“Each time Satan tempted Him, Jesus responded by countering Satan with God’s Word. Many of us in reading this passage might deduce that it teaches us to counter temptation with God’s Word. While it is true that we should defeat lies with the truth (Ephesians 6:16), there is more in this passage than simply copying how Jesus responded to Satan.”
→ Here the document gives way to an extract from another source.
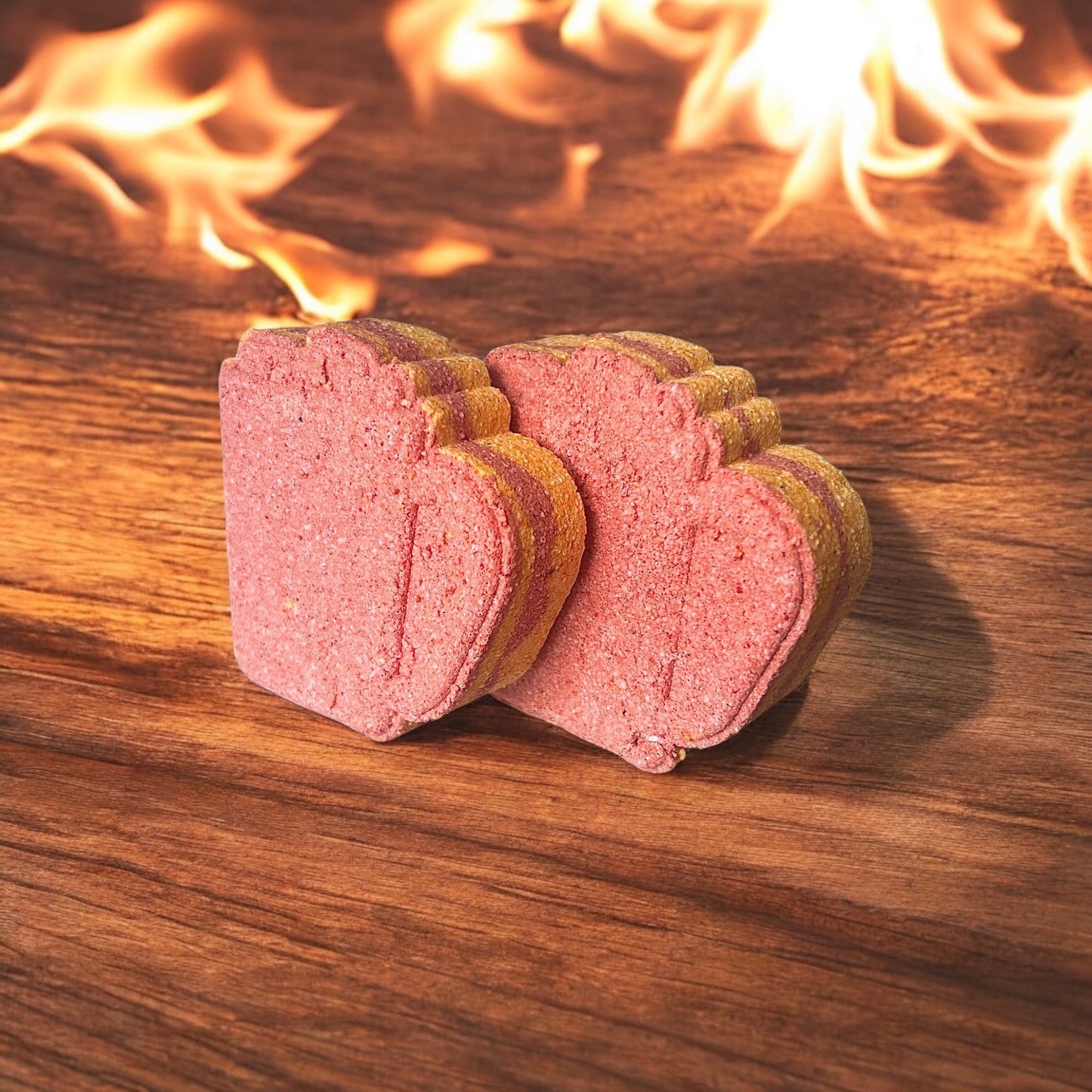 A handmade, hot chocolate scented, mug shaped, red coloured bath bomb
What does it mean to you that Jesus faced temptation? The fact that Jesus experienced temptations is important for our salvation as well as for our own daily battles with temptation. The writer of Hebrews captured the significance of this vital aspect of Christ’s ministry when he wrote: “For we do not have a High Priest who is unable to sympathize with our weaknesses, but one who in every respect has been tempted as we are, yet without sin” (Hebrews 4:15). Consider all that the Scriptures teach us about this:
In the Wilderness
In Matthew 4, after He was baptized by the Spirit and honored by the Father, Jesus was led by the Spirit to the wilderness where He faced off with Satan. What a drastic change to go from a baptism to temptation! For forty days Jesus was without food and water. Satan found Him there and tempted Him to sin.
Matthew records three specific temptations Jesus endured. First, Satan tempted Jesus to turn stones into bread so that He could eat. Jesus responded, “It is written: ‘Man shall not live by bread alone, but by every word that comes from the mouth of God’” (vs. 4). Satan tempted Jesus a second time by telling Him to throw Himself from the top of the temple. Quoting Psalm 91, Satan said that the angels would catch Him. Jesus responded, “Again it is written: ‘You shall not put the Lord your God to the test” (vs. 7). And last, Satan tempted Jesus by offering Him the kingdoms of the world if He would only bow down and worship him. Jesus said, “Be gone, Satan! For it is written, ‘You shall worship the Lord your God and him only shall you serve’” (vs. 10).
Each time Satan tempted Him, Jesus responded by countering Satan with God’s Word. Many of us in reading this passage might deduce that it teaches us to counter temptation with God’s Word. While it is true that we should defeat lies with the truth (Ephesians 6:16), there is more in this passage than simply copying how Jesus responded to Satan.
A Perfect Savior
First, Jesus’ temptation in the wilderness should remind us of Adam and Eve’s encounter with Satan in the Garden. There too, Satan twisted God’s Word (Genesis 3:1). But unlike Adam, Jesus remained faithful and obedient to God. By resisting Satan’s temptation, Jesus became what Paul called the second or last Adam. (1 Corinthians 15:45). Jesus fulfilled what Adam could not do, “For as by the one man’s disobedience the many were made sinners, so by the one man’s obedience the many will be made righteous” (Romans 5:19). Adam failed as our representative in the Garden, bringing sin into the world. Jesus, by His perfect life lived for us, makes us acceptable to God once again.